• DATA FOR THIS TASK:
= Beginning of Section =
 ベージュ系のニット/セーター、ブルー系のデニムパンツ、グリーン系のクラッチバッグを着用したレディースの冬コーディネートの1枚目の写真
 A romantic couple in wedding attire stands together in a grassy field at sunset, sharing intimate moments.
= End of Section =
= Beginning of Section =
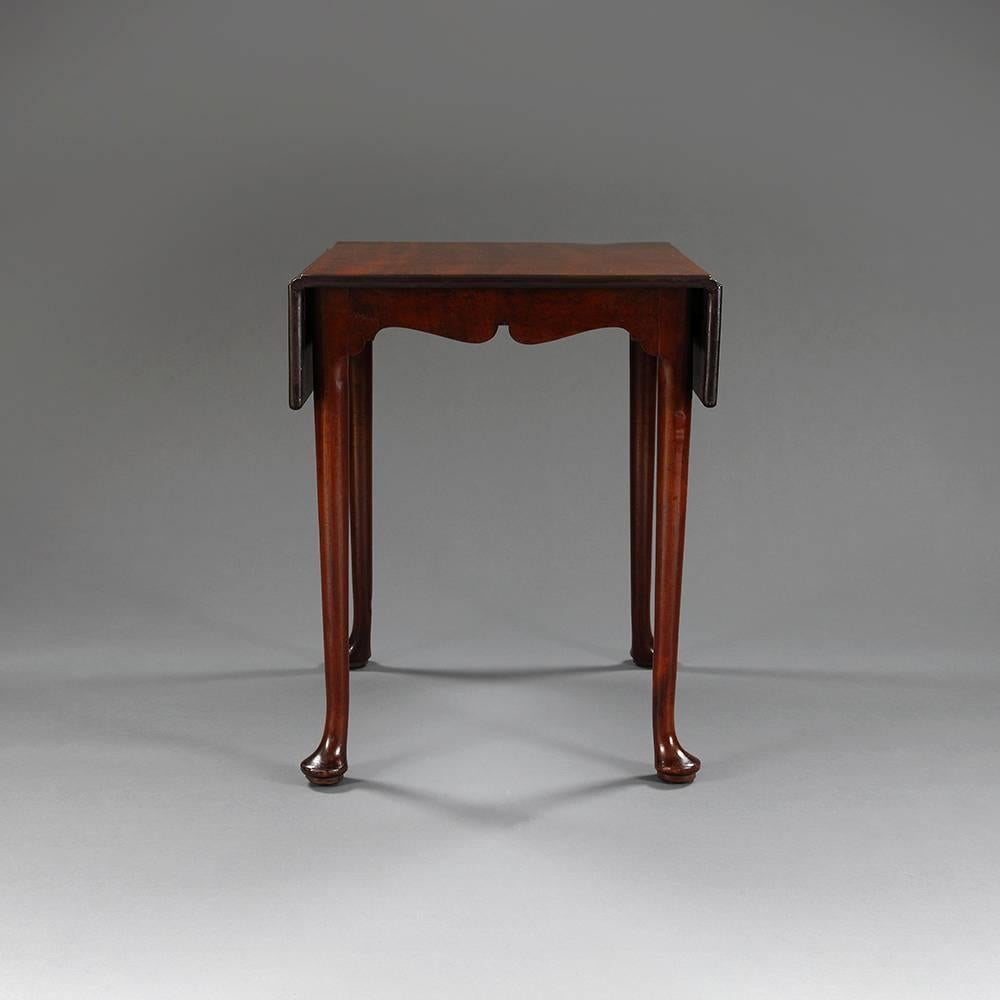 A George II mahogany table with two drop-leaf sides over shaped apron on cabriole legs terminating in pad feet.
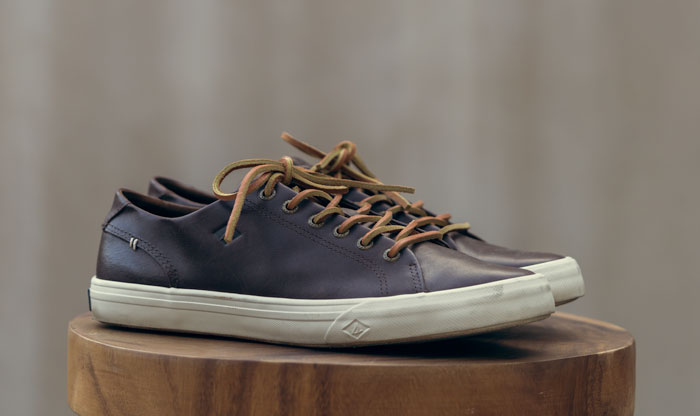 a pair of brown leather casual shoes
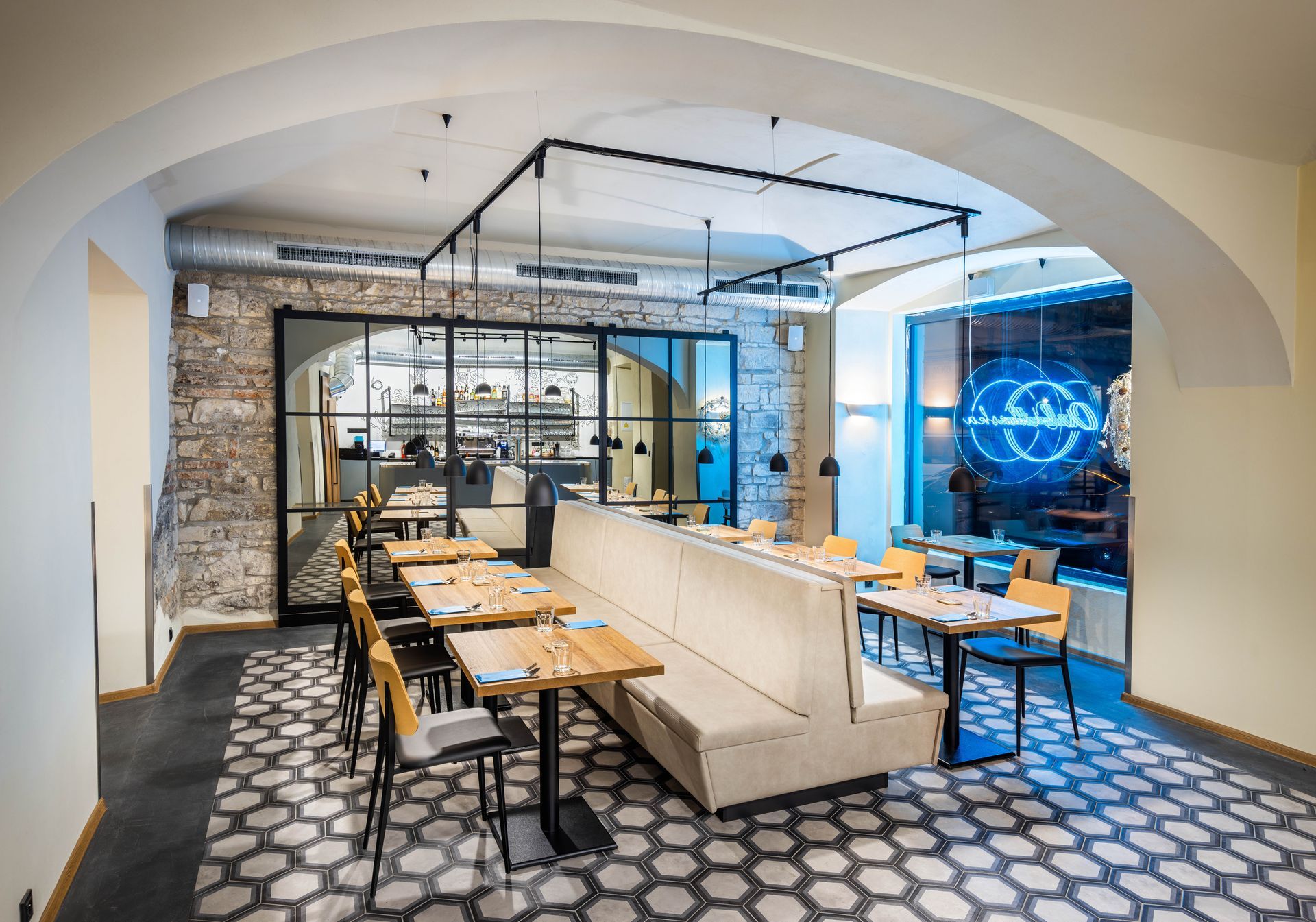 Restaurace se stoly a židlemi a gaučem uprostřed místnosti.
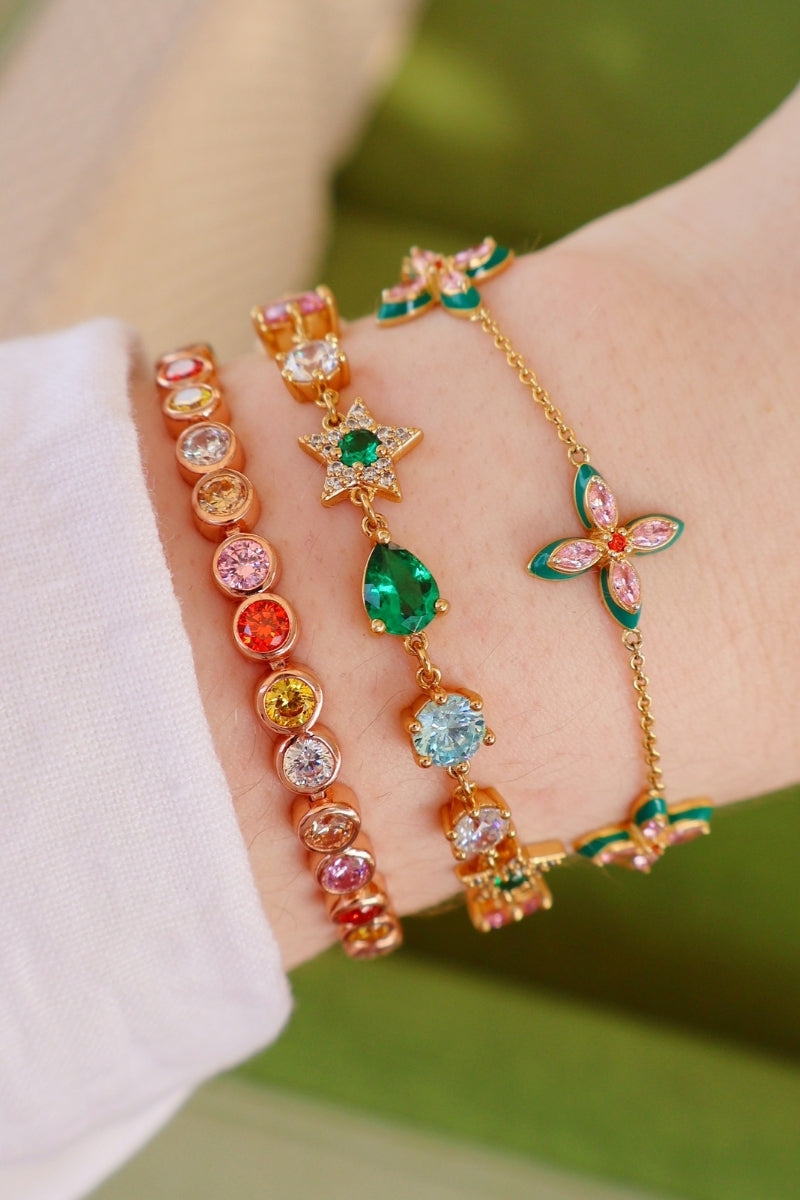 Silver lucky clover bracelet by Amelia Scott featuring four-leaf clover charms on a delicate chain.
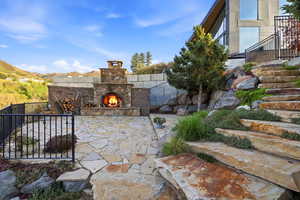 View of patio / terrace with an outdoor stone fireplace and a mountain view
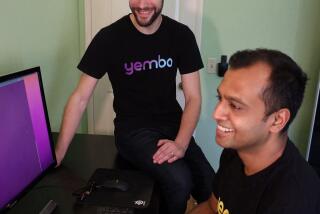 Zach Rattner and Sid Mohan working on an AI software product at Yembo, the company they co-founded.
= End of Section =
• REQUIREMENT: Within these entries, output exactly the lines starting at the one with "a pair of brown leather casual shoes" and finishing at the one with "Zach Rattner and". Leave pictures out of the output.

• EXERCISE ANSWER:
 a pair of brown leather casual shoes
 Restaurace se stoly a židlemi a gaučem uprostřed místnosti.
 Silver lucky clover bracelet by Amelia Scott featuring four-leaf clover charms on a delicate chain.
 View of patio / terrace with an outdoor stone fireplace and a mountain view
 Zach Rattner and Sid Mohan working on an AI software product at Yembo, the company they co-founded.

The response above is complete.